Sections (4 μm) of formalin-fixed paraffin embedded kidneys were stained with Periodic Acid Schiff (PAS). Renal damage was semi-quantitatively scored on a scale ranging from 1 to 5. The scoring indicates which part of total renal cortical tissue was affected by tubulointerstitial fibrosis (PAS-positive broadening interstitial area in between the tubules): score 1: <1%; score 2: 1–5%; score 3: 6–10%; score 4: 11–20%; score 5: 21–50%.

Use of published data by our group

The data on collagen III, alpha-SMA and PAS from Fig. 2 were published before [30], however are necessary for comparison with the new stainings and quantifications of the other markers of fibrosis, namely fibronectin, PDGF Receptor beta and hyaluronan (see Fig. 2).
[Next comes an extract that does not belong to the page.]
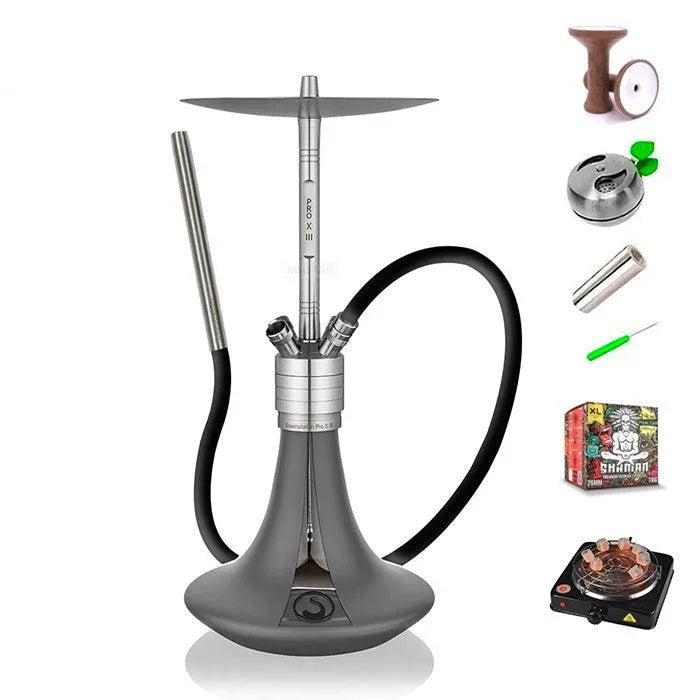 Steamulation Pro X III Hookah - Graphite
Since the same authors are involved in both the previous as well as in the writing of this manuscript, permission was granted to use the data.

Plasma and urinary collagen degradation products

Supernatant from antibody producing hybridoma was collected and the monoclonal antibody was purified using HiTrap affinity columns (GE Healthcare Life Science, Little Chalfront, Buckinghamshire, UK) and labeled with HRP using Lightning-Link HRP Conjugation Kit (Innova Biosciences, Babraham, Cambridge, UK), according to the manufacturer’s instructions.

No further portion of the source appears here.